What is required
Write out every entry, unchanged. Skip any picture.

Captioned web images
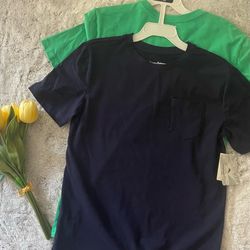Tommy Bahama Boys 2-Pack Pocket T-Shirts XL (14) – New With Tags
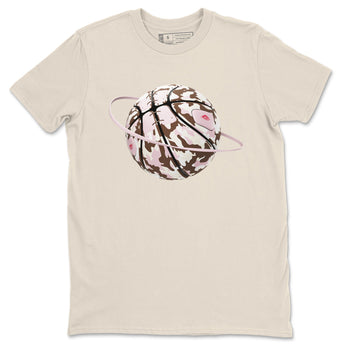 Dunk Cacao Wow And Pink Foam shirts to match jordans Camo Basketball Planet sneaker match tees Dunk Cacao Wow And Pink Foam SNRT Sneaker Tees streetwear brand Natural 2 unisex cotton tee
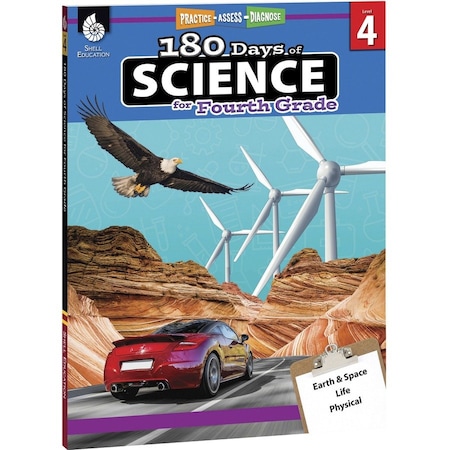Shell Education 180 Days of Science Book, Grade 4 51410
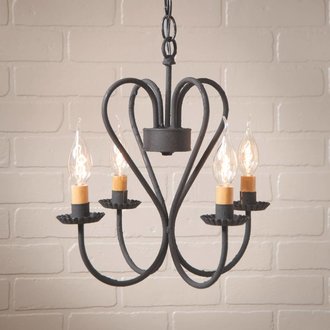 Georgetown Chandelier in Textured Black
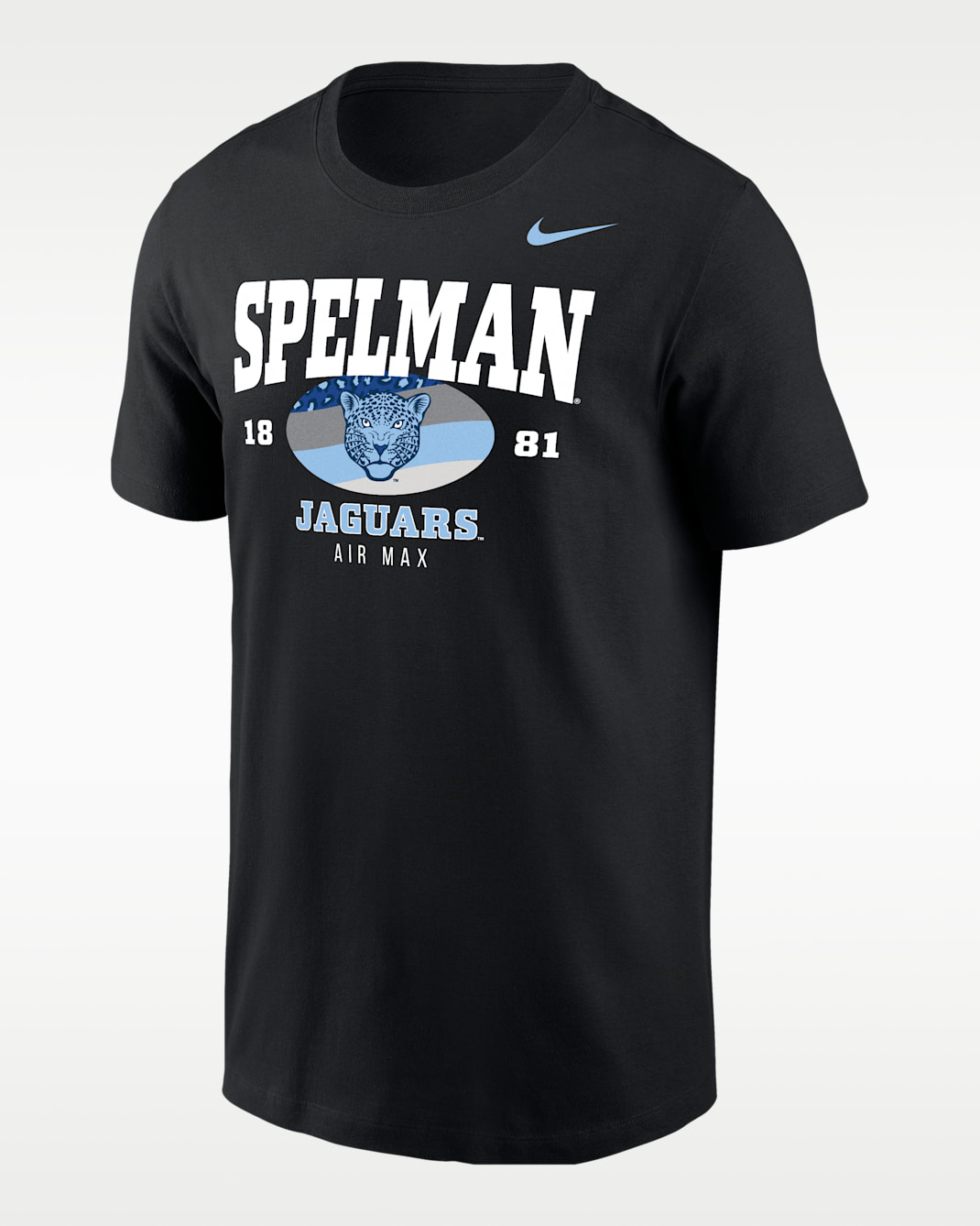 Playera de manga corta Air Max para hombre Nike College (Spelman College) - Negro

Answer for the task
Tommy Bahama Boys 2-Pack Pocket T-Shirts XL (14) – New With Tags
 Dunk Cacao Wow And Pink Foam shirts to match jordans Camo Basketball Planet sneaker match tees Dunk Cacao Wow And Pink Foam SNRT Sneaker Tees streetwear brand Natural 2 unisex cotton tee
Shell Education 180 Days of Science Book, Grade 4 51410
 Georgetown Chandelier in Textured Black
 Playera de manga corta Air Max para hombre Nike College (Spelman College) - Negro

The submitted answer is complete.